Over eighteen months on from the Brexit vote in June 2016 and we are starting to see the impact of that decision on the Irish tourism sector. From the outset, there was little doubt that if the UK left the EU, the tourism industry in Ireland would be affected as the UK is our largest single geographic source market.
UK visitors down
In an article written in June 2016, Brexit and the Irish Tourism Sector, we predicted that the UK’s vote to leave the EU would impact the Irish tourism sector in a number of different areas, in particular a fall in UK visitors to Ireland and a shifting of focus to other markets. A year and a half later many of our predictions are becoming reality.
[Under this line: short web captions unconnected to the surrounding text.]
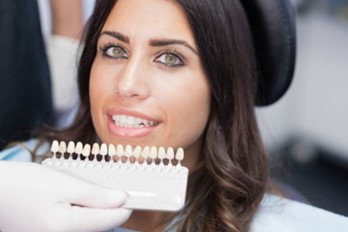 Patient at the dentist receiving porcelain veneers.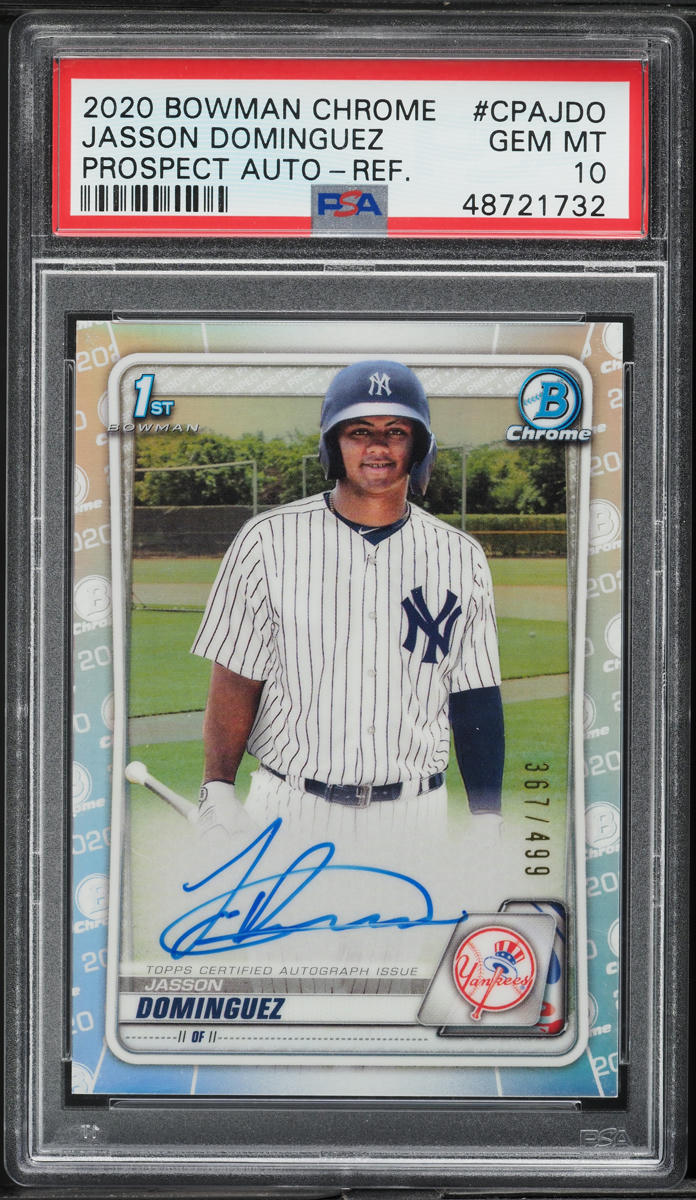 2020 Bowman Chrome Refractor Jasson Dominguez PROSPECT AUTO /499 #CPA-JDO PSA 10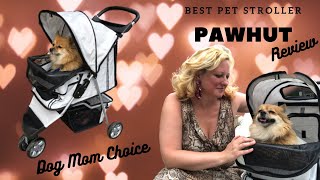 PawHut D00041GY 3 Wheel Pet Stroller Folding Cat Dog Jogger Carrier Dog Mom choice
UK visitors to Ireland peaked in 2006 with almost 4.1m visitors. With the impact of the subsequent economic downturn this dipped to 2.77m in 2012, but subsequently recovered to 3.9m in 2016. However, since the Brexit vote the euro has strengthened significantly against the British Pound making Ireland a more expensive destination and UK visitors have declined to 3.7m in 2017. This trend has continued into this year with trips down by over 4% for January 2018 compared to the previous year and by 5% on a rolling 12-month basis. The expectation within the sector is that this geographic market will continue to decline, however at what pace and level is unknown.
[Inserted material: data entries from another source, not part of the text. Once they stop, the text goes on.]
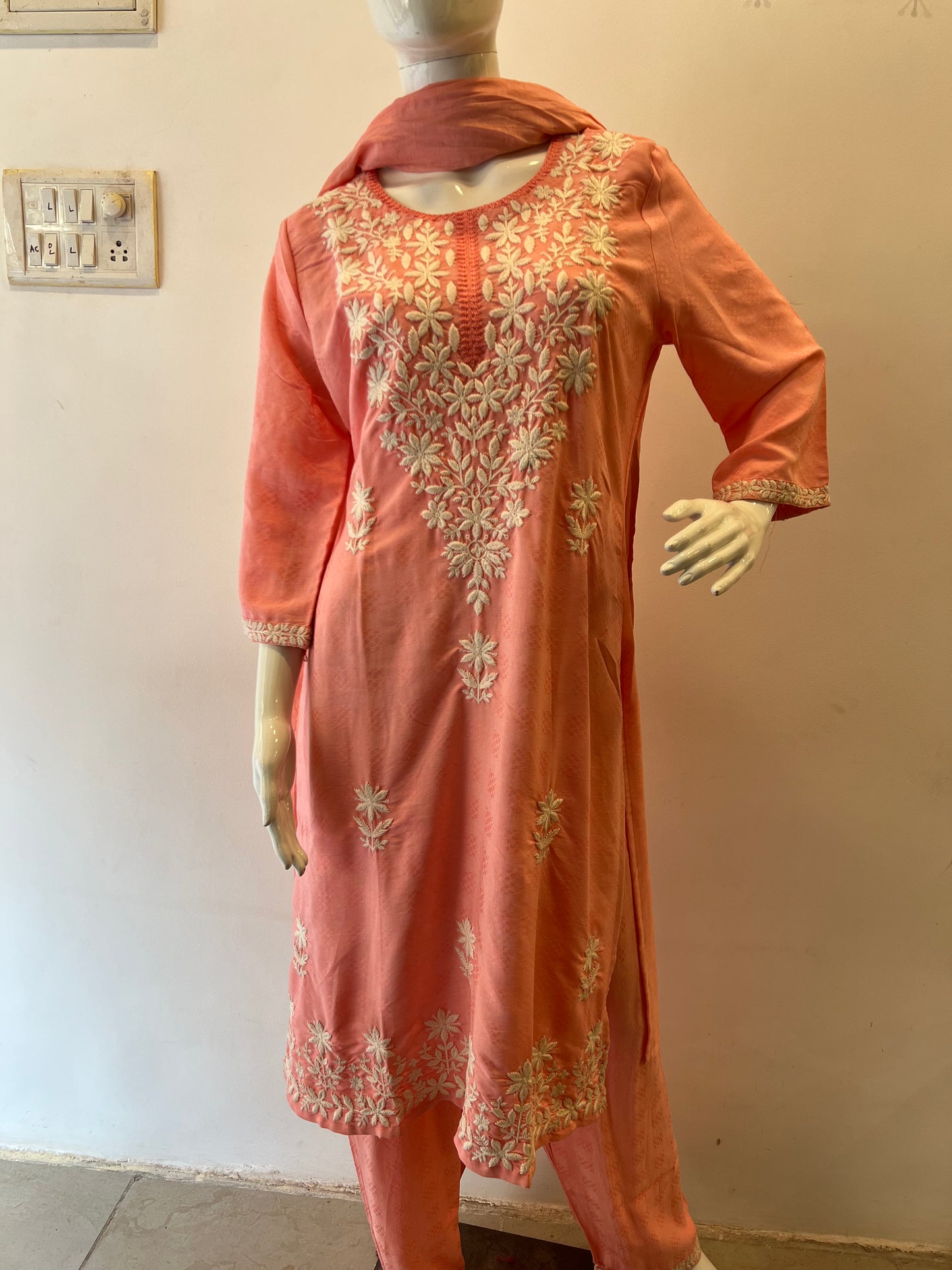 STYLIE GOA Elegant Chikankari Two-Piece Set With Trousers and Dupatta
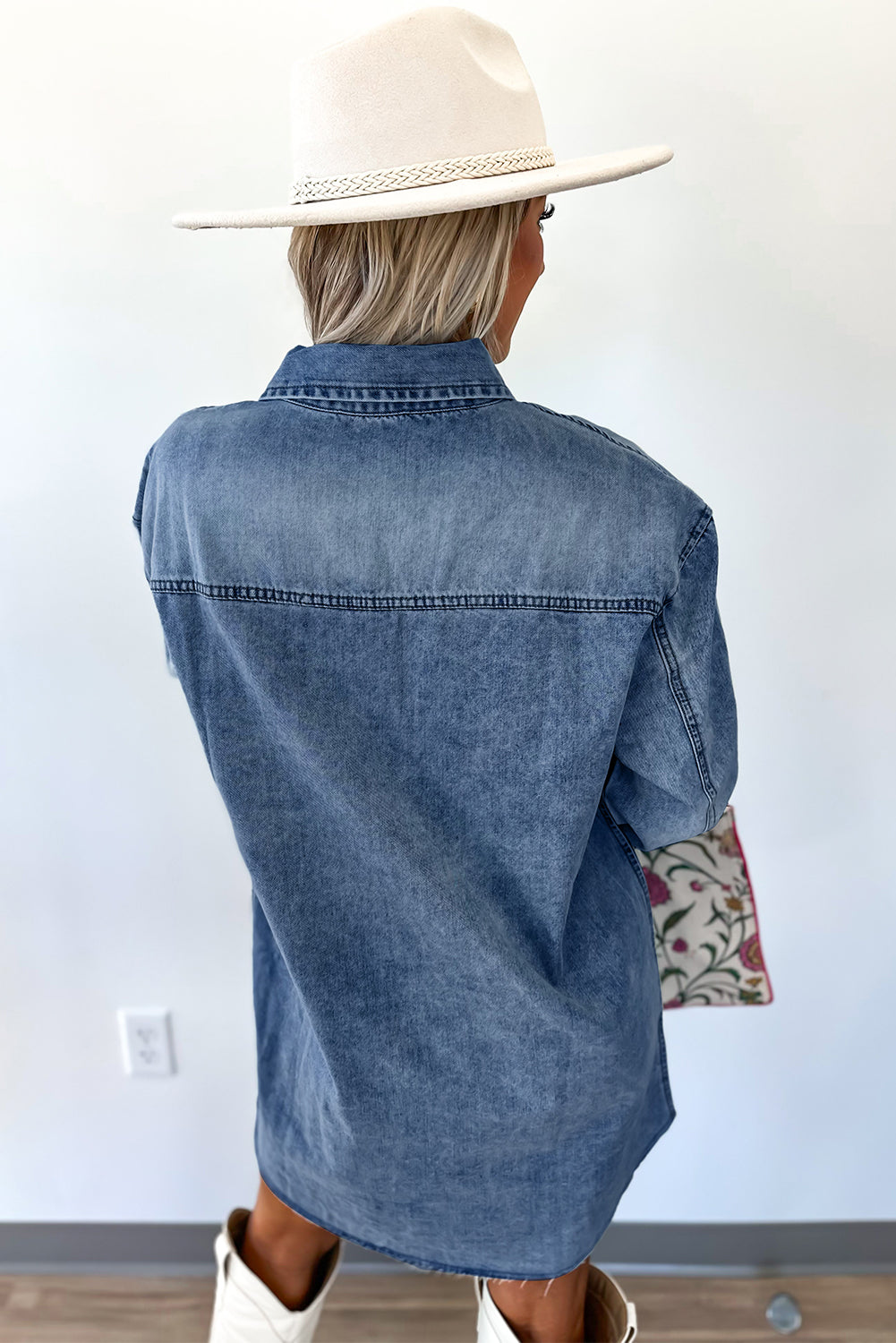 Chest Pocket Raw Hem Denim Baggy Shirt Dress - eAura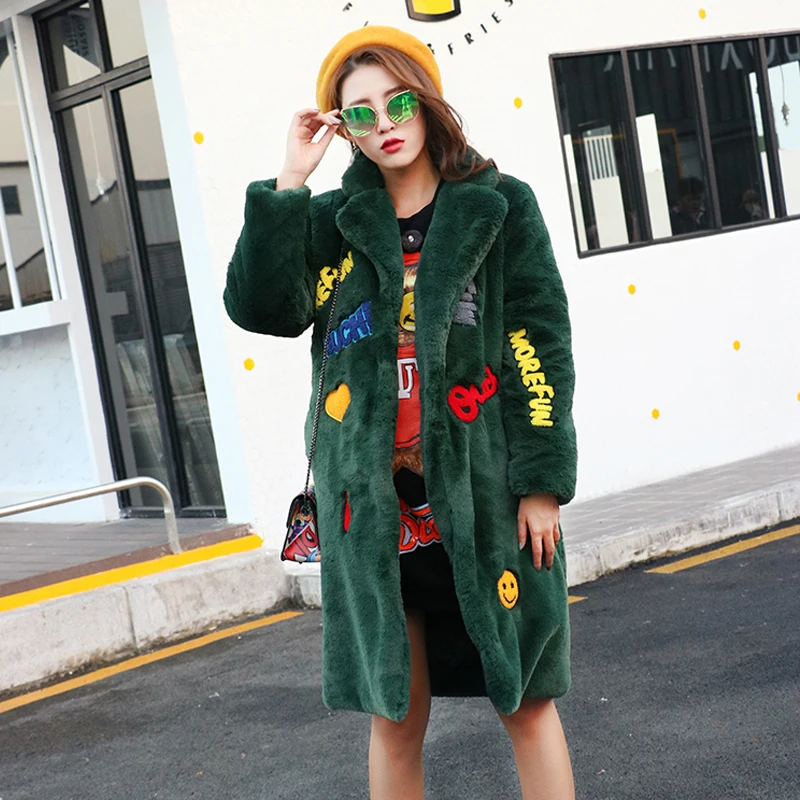 YNZZU Korean Autumn Winter Women Faux Fur Coat Letter Casual Long Sleeve Warm Rabbit Fur Coats Jacket Outwears Streetwear YO152 YNZZU Korean Autumn Winter Women Faux Fur Coat Letter Casual Long Sleeve Warm Rabbit Fur Coats Jacket Outwears Streetwear YO152
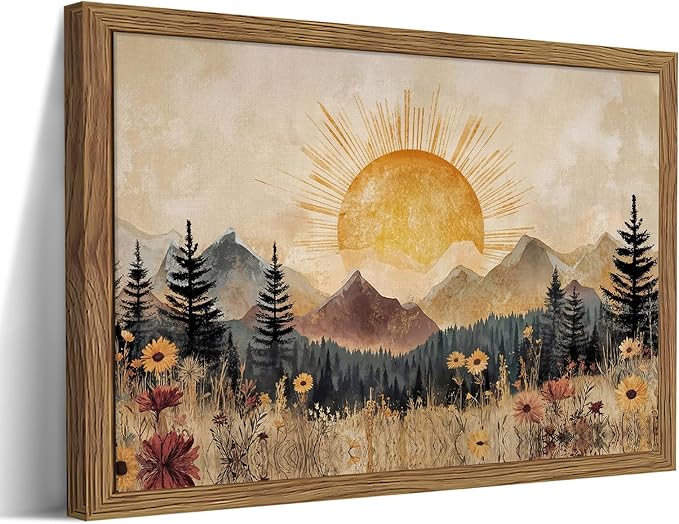 Framed Vintage Sunrise Mountain Landscape Wall Art, Golden Sunburst Meadow Forest Canvas Print, Retro Wildflower Nature Artwork, Rustic Boho Wall Decor for Living Room Bedroom Office 16x24in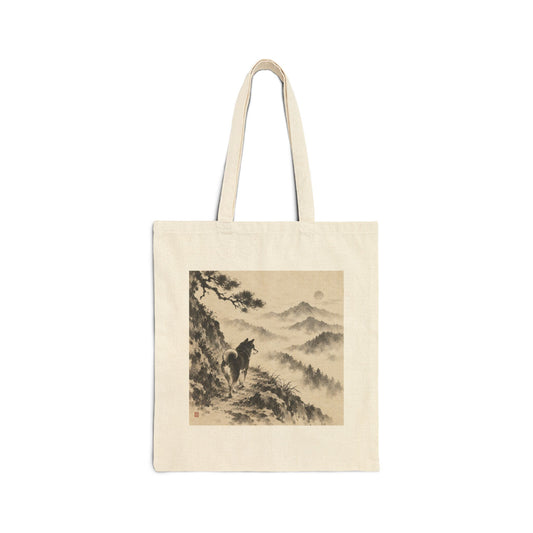 Misty Road | Shiba Inu Ink Wash Painting Tote Bag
This decline in visitors from the UK over 2017 is further compounded by the fact that outbound travel from the UK is actually up for the year. According to the UK Office for National Statistics, outbound travel increased in 2017 (January to October) by 3%. Whilst this shows a slowing in growth for their outbound travel sector (the previous period grew by 9%), it highlights the fact that Ireland is losing market share.
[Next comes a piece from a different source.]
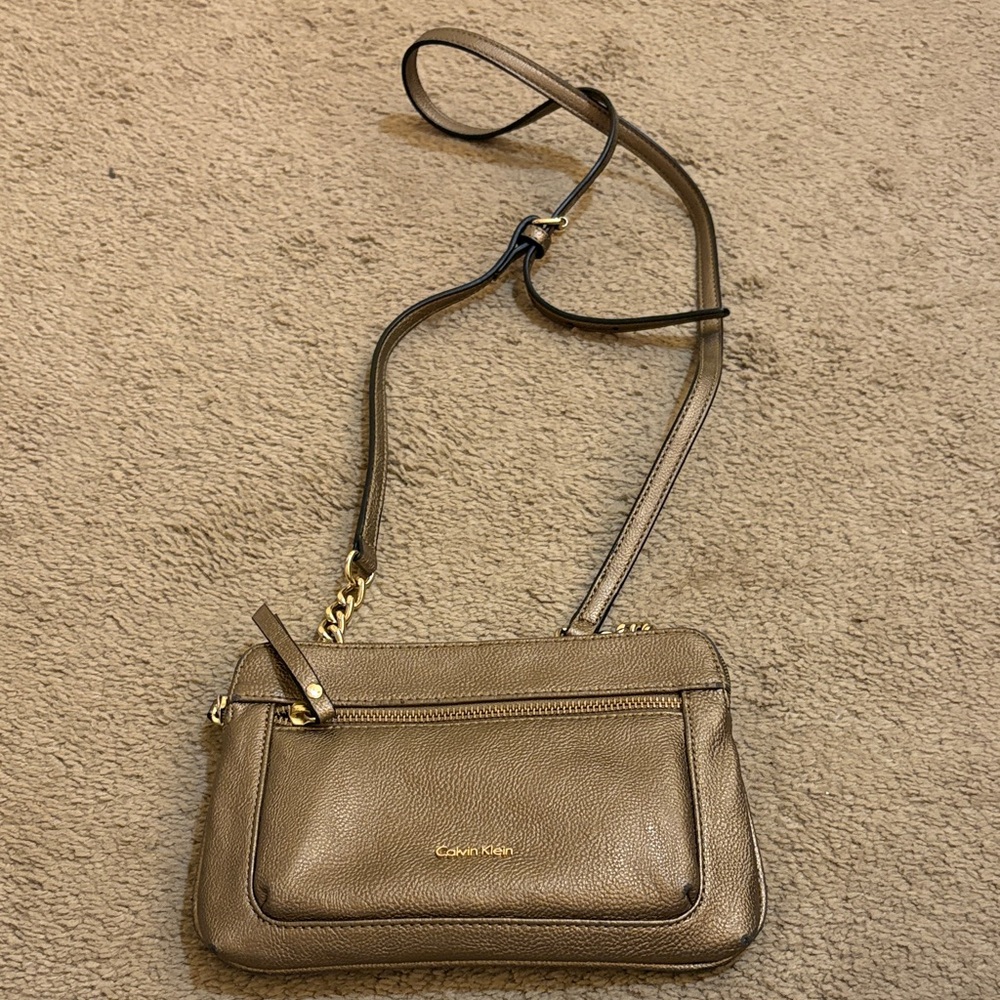 Calvin Klein Metallic Taupe Crossbody Bag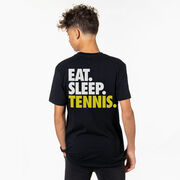 Tennis Short Sleeve T-Shirt - Eat. Sleep. Tennis. (Back Design)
Shifting focus to other markets
The decline in UK visitor numbers has been countered by significant increases in two main other markets: North America and Other Europe. Over the last ten years (2007-2017), while the UK visitor market to Ireland declined by 8%, the North American market increased by 96%, Other Europe increased by 34% and the Rest of the World by 95%. In 2017, Other Europe accounted for 3.5m visitors and North America for 2.1m visitors.
Also, in revenue terms the losses from the UK market have been largely offset by gains from these other regions, which deliver a higher spend per person and a longer average stay. In 2017 (Jan-Sep) the UK visitor had an average spend of €273 compared to €517 for other European countries, €730 for North America and €931 for Other Areas.
In a recent ranking the North American market had overtaken the UK market, increasing from €1bn in 2014 to €1.7bn in 2017. The UK market only grew from €1.3bn to €1.5bn within the same time period. In 2018, we should expect to see growth in the Asian market with a new access route opening up with the introduction of direct flights from Hong Kong and Beijing to Dublin. Fáilte Ireland is working with hotels and tourism businesses on a China Welcome Programme in advance of the potential for this large market.
The Northern Ireland market remains an important leisure market segment for the border counties and in a sentiment survey we undertook just after the Brexit vote, 75% of border county hotels expect a decline in occupancy levels in 2017 which has largely been borne out. Some hotels have responded to this by focusing on other markets, which are continuing to show positive year-on-year increases. This is in line with the continued focus by Tourism Ireland on emerging markets and specific destinations within existing markets, such as the German market, for example.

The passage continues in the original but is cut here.